**Exercise directions**: Could you restate the data below word for word, without its pictures?

**Extracted records**:

────────────────────────────────────────

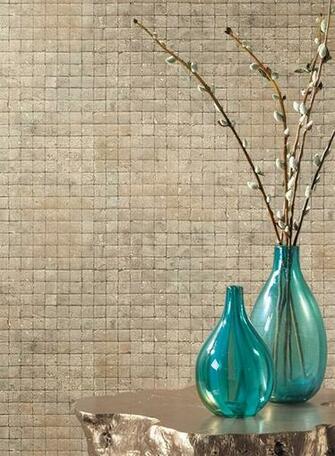 Hirshfield S Wallpaper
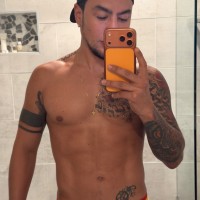 Camilo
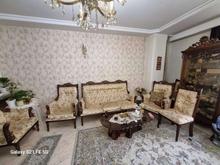 اجاره آپارتمان 110 متر در سهروردی شمالی در شیپور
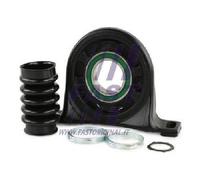 Original Fast Storage Drive Shaft FT28051 for Mercedes-Benz VW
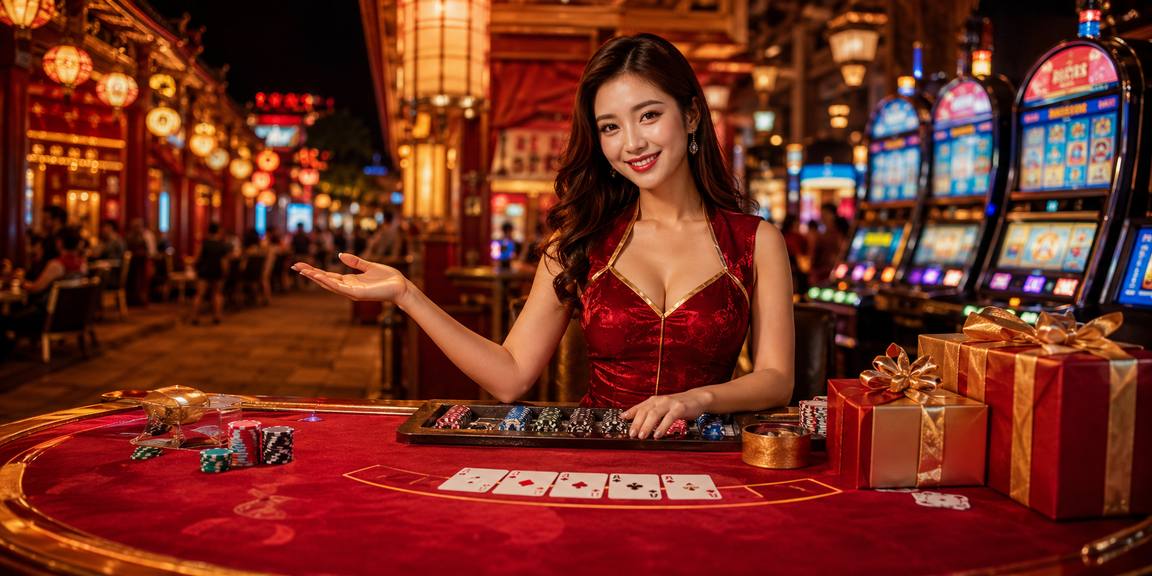 ds88 Live Roulette Premium tại ds88 – Bàn Chơi Thật, Dealer Thật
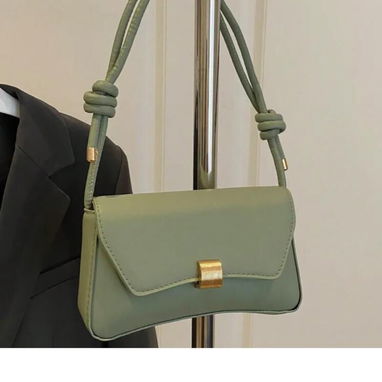 CARTERAS - Img 122072784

────────────────────────────────────────

**Solution below**:
 Hirshfield S Wallpaper
 Camilo
 اجاره آپارتمان 110 متر در سهروردی شمالی در شیپور
 Original Fast Storage Drive Shaft FT28051 for Mercedes-Benz VW
 ds88 Live Roulette Premium tại ds88 – Bàn Chơi Thật, Dealer Thật
 CARTERAS - Img 122072784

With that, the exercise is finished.